También existen normas de comportamiento según los roles, según las cuales se espera de alguien que se comporte de determinada manera en función de su posición en un grupo, incluso al punto de que ese rol tiene la capacidad de secuestrar al individuo durante su ejercicio. Por ejemplo, si no traspasamos la barrera del rol, no esperamos que un futbolista pueda escribir un libro, o que un político pueda hacer ganchillo. Cuando colocamos a alguien, y esta persona se coloca, en un rol que “creemos” conocer bien, se quiera o no se establece un pacto no hablado para que nadie se salga de su sitio: ni quién actúa el rol, ni quién lo observa.

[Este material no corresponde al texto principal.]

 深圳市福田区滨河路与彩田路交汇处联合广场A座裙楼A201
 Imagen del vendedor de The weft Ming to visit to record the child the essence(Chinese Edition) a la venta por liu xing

Y estas dos circunstancias, la alienación del rol y del individuo y la “creencia” de que todos sabemos lo que implica dicho rol, hacen que los malentendidos proliferen, curse esto con decepción o sin ella.

Si a esto sumamos que no es fácil descifrar las claves no verbales que siguen rigiendo nuestra percepción de la otra persona, y que incluso antes de eso muchas veces no sabemos ni lo que estamos sintiendo ni lo que necesitamos de los demás, parece que nos entendemos de casualidad y que la comunicación auténtica entre personas es una fuente constante de frustraciones. Pedimos entonces un manual –a veces, literalmente– como el de las normas de circulación que mencionábamos más arriba, aunque si lo tuviéramos para cada persona no estaríamos dispuestos a leerlos todos. Queremos que no nos molesten pero nos entiendan, no tener que preguntar pero saber, que no haya conflictos y que las emociones no nos perturben en nuestras decisiones.

Sin embargo, la asepsia no llega ni para atrás, y cuando llega, es cuestión de tiempo que resbale al otro lado en forma de rigidez, de frialdad o, como resultado, de soledad. Y todo ello por evitar en un principio “contaminarse”, como decía la canción; o por no saber cómo hacerlo sin perder mis guías. De hecho, esta es una de las razones principales por las que preferimos mantener esa distancia entre el rol y la persona: nos es más cómodo, menos desafiante.

Si me abro al otro, aunque sea para preguntarle sobre su realidad, algo suyo me impregna, me toca, incluso aunque no responda. Es inevitable en cualquier relación y cuanto antes lo aprendamos, mejor. Y eso que me toca por lo general me implica de algún modo y me obliga a moverme de lugar interna o/y externamente, aunque esto no significa que necesariamente esté obligado a cambiar la realidad del otro por el hecho de conocerla.

De hecho, muy pocas veces el otro necesita que le ofrezcamos la piedra filosofal, por mucho que se queje. Pensemos en nosotros, en nosotras. ¿Necesito yo que la persona con la que comparto una dificultad o a la que pido respeto me diga lo que tengo que hacer? Probablemente no, o no habitualmente. Necesito que no me encasille, que me deje ser yo, que esté dispuesta a impregnarse, pero que luego me devuelva la responsabilidad, que en el fondo, siempre ha sido mía. Si perdemos el miedo a la invasión del otro, si dejamos de responsabilizarnos soberbiamente de la emoción del otro, quizá la comunicación sea menos frustrante.